Direct in vivo measurement of myocardial material parameters is highly challenging and typically invasive, which has resulted in a lack of large-scale, standardized datasets for direct measurement. Consequently, our study relies on FEM-derived parameters as a surrogate ground truth. FEM simulation methods, which have been extensively validated in both experimental and clinical studies, provide a feasible and reproducible means of estimating the myocardial material properties under current conditions. Although the use of FEM-derived parameters introduces certain uncertainties, it remains the most practical approach available at present. In future work, we plan to explore non-invasive measurement techniques, such as magnetic resonance elastography (MRE) [25,26], to further validate and refine our model’s predictions, thereby enhancing its clinical applicability.
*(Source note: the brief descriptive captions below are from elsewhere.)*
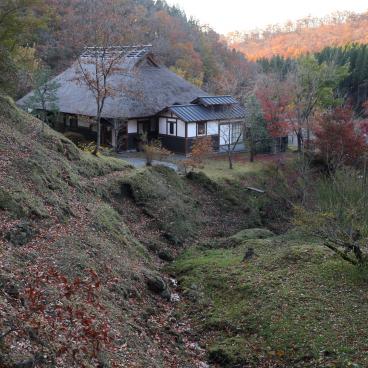 Miyama Sanso (Kurokawa Onsen), vue sur les toits de chaume et la vallée en automne 2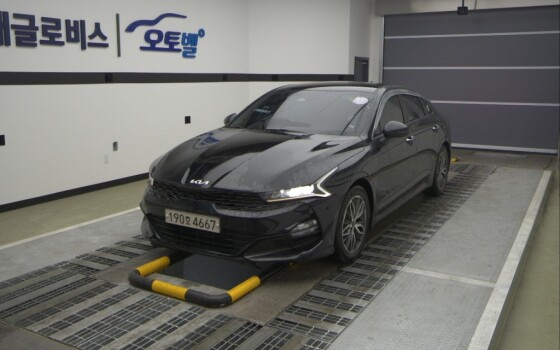 Kia K5 (2022)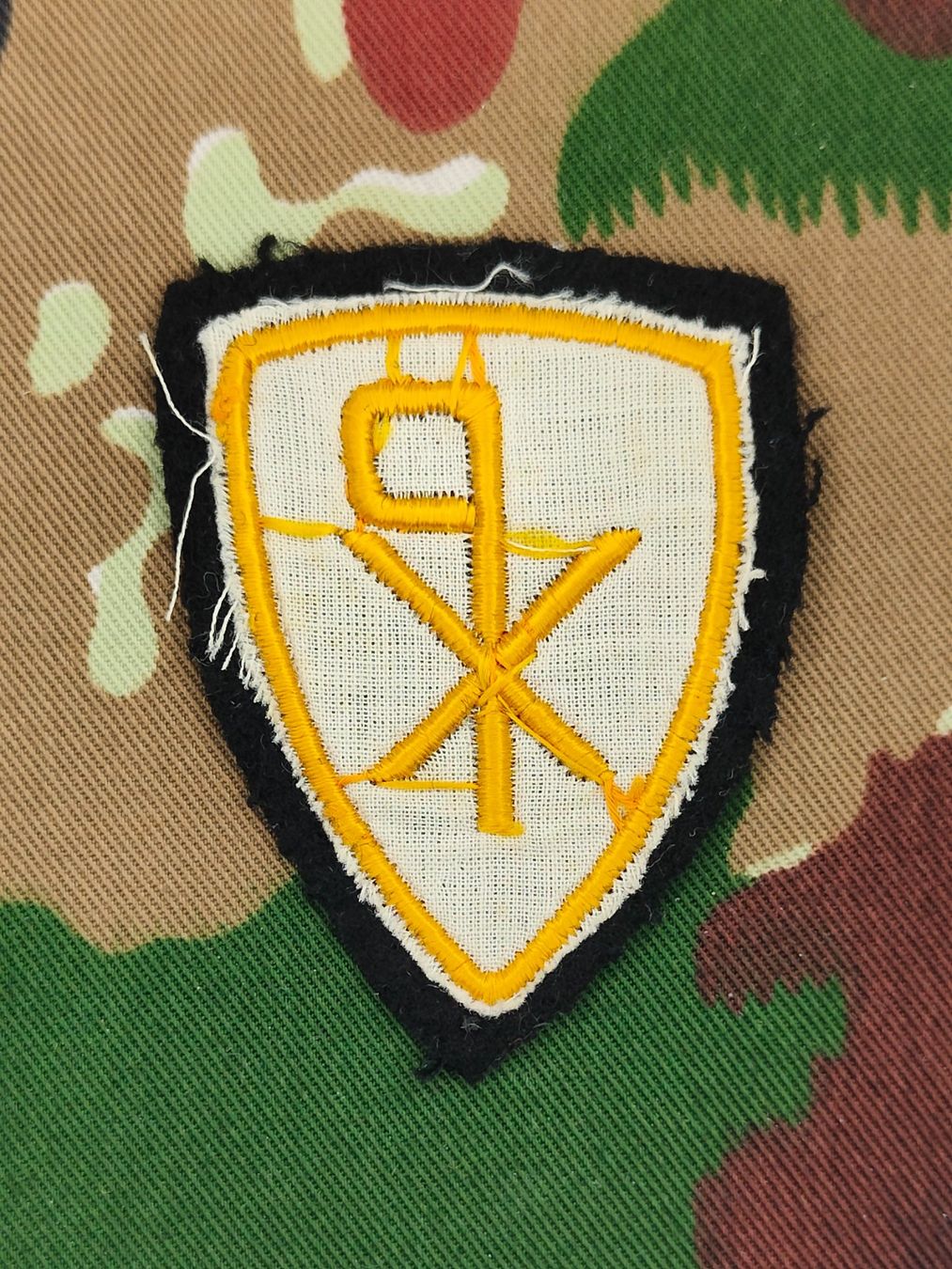 Schweizer Armee Plaketten & Abzeichen: Funktionsabzeichen Feldpredigerdienstchef Ord. 1972, V1 – Gebraucht aus Bauma von SwissMilitaria 1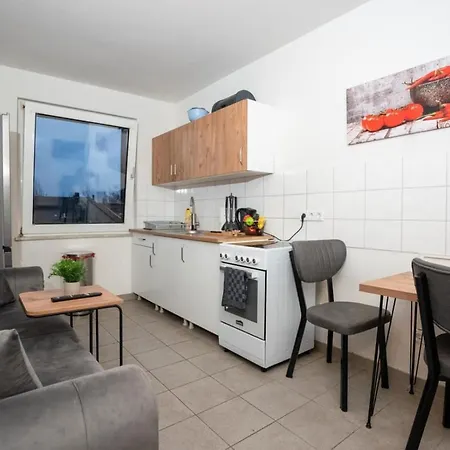 Livemore24 - 2 In 24-7 Check-in Apartment *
Furthermore, it is important to highlight that the neural network in this study was trained exclusively on CMRI data from healthy subjects, which significantly impacts its clinical applicability. The myocardial tissue properties in healthy individuals tend to be relatively homogeneous, whereas pathological cardiac conditions are often accompanied by substantial tissue remodeling and altered mechanical properties. As a result, the model’s generalizability to pathological cases may be compromised. For instance, in diseases such as hypertrophic cardiomyopathy (HCM), the myocardial material parameters can exhibit greater inter-individual variability [27]. Since the proposed model has not been trained under these pathological conditions, its predictions may deviate from the actual values. This discrepancy in the data distribution constrains the model’s applicability in real-world clinical settings. Therefore, future research should focus on expanding the diversity of the training data by incorporating subjects with various cardiac pathologies. Additionally, strategies such as data augmentation or transfer learning could be explored to enhance the model’s robustness and generalizability in pathological conditions.

5. Conclusions

In conclusion, this study presents a deep learning-based framework for estimating the myocardial material parameters from routine CMRI data, providing a computationally efficient alternative to traditional inverse FE methods. The proposed ResNet18 model achieved high predictive accuracy, with mean relative errors below 5%, demonstrating strong generalizability across the dataset. This method provides a promising approach for efficient myocardial material characterization and lays the foundation for future applications in cardiac biomechanics and computational modeling.